Dáil debates

Tuesday, 24 May 2011

Nursing Homes Support Scheme

 

6:00 pm

Photo of Kathleen LynchKathleen Lynch (Cork North Central, Labour)

I thank the Deputies for raising this issue. I agree with both of them that this is a very worrying time, not just for elderly people but for their families and those who support them.

This issue relates to the nursing homes support scheme, the fair deal, which is a system of financial support for individuals in public, voluntary and approved private nursing homes. The scheme is available to anyone assessed as needing long-term nursing home care, including dementia-specific nursing home care. The scheme involves a fundamental change in the way in which long-term nursing home care is funded. The new scheme supports the individuals in need of long-term nursing home care, not the facilities providing the care. This means that money follows the patients, regardless of whether they choose public, private or voluntary nursing homes. It ensures that these facilities are not being funded for empty beds. Almost 21,000 applications for the scheme have been received since its commencement, with nearly 3.000 applications received in the first quarter of 2011. Over 16,000 of these have been processed to completion.

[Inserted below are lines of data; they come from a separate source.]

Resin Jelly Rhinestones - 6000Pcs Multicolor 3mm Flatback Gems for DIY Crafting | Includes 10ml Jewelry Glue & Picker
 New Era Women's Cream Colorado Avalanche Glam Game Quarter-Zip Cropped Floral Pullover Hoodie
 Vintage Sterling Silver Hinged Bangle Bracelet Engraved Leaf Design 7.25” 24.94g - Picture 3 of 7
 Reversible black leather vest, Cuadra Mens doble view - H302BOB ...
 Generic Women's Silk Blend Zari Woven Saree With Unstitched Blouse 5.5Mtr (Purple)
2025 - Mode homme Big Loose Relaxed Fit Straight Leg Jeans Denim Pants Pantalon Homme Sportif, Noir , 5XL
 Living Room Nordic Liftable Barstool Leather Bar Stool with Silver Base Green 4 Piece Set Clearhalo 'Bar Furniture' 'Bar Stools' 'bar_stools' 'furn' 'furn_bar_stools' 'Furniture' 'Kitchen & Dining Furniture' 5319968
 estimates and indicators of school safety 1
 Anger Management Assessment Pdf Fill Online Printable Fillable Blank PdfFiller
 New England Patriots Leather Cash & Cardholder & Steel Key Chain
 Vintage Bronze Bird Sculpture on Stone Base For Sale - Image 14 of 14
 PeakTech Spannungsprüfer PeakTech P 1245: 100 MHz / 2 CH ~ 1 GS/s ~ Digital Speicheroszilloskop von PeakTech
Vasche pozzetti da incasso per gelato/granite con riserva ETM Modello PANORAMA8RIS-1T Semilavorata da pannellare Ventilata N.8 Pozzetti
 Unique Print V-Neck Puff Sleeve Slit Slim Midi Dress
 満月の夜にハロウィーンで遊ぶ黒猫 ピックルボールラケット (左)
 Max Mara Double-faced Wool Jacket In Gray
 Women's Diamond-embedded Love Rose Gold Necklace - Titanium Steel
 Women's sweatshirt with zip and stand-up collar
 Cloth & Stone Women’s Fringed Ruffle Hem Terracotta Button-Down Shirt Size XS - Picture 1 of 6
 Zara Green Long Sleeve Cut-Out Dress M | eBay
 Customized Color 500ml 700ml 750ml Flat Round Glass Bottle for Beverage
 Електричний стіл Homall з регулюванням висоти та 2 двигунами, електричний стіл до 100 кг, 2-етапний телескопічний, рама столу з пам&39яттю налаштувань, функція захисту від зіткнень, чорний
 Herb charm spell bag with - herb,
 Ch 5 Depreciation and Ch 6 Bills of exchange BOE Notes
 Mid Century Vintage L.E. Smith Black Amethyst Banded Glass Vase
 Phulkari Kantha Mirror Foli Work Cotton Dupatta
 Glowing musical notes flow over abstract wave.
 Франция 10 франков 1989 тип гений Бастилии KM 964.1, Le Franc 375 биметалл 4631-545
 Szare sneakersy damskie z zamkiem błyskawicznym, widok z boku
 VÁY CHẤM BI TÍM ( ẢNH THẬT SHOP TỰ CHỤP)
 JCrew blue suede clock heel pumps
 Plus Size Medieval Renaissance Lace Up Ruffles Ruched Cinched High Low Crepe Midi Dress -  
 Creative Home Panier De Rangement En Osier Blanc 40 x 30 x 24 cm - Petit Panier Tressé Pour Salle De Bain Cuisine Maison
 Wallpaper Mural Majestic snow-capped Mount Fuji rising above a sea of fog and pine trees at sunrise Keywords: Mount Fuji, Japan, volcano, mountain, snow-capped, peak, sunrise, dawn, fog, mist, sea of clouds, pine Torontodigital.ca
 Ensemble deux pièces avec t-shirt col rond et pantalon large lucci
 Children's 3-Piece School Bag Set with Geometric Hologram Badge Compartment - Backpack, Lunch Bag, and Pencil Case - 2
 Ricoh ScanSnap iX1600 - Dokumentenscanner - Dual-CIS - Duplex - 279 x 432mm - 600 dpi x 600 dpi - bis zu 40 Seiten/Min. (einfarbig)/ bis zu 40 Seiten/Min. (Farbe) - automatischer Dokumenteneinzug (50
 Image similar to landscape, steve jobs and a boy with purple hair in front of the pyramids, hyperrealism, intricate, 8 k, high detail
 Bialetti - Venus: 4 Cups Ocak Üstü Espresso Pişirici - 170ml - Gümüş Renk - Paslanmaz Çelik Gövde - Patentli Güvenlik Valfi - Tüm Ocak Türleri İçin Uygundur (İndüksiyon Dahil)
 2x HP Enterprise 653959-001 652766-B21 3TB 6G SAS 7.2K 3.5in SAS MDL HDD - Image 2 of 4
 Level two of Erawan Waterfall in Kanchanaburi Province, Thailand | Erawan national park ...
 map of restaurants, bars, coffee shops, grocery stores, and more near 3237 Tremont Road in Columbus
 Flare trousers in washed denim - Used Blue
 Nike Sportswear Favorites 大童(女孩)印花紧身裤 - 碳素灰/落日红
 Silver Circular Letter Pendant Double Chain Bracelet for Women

It is important for people who are already in care to be assured that there is no threat to them. Old people are vulnerable enough and it is easy to worry them.

The legislation underpinning the scheme enshrines the principles of a resource cap, patient choice and funding following the patient. In this regard the total long-term residential care budget in 2010 was €979 million. The budget for long-term residential care in 2011 is €1.011 billion. This is effectively funding for the nursing homes support scheme, albeit that transitional arrangements, for example subvention, contract beds and saver cases in public nursing homes, must also be facilitated from within the subhead. The Nursing Homes Support Scheme Act 2009 defines "long-term residential care services" as maintenance, health and personal care services. The services which fall within the scope of long-term residential care include nursing and personal care appropriate to the level of care needs of the person; basic aids and appliances necessary to assist a person with the activities of daily living; bed and board; and laundry service.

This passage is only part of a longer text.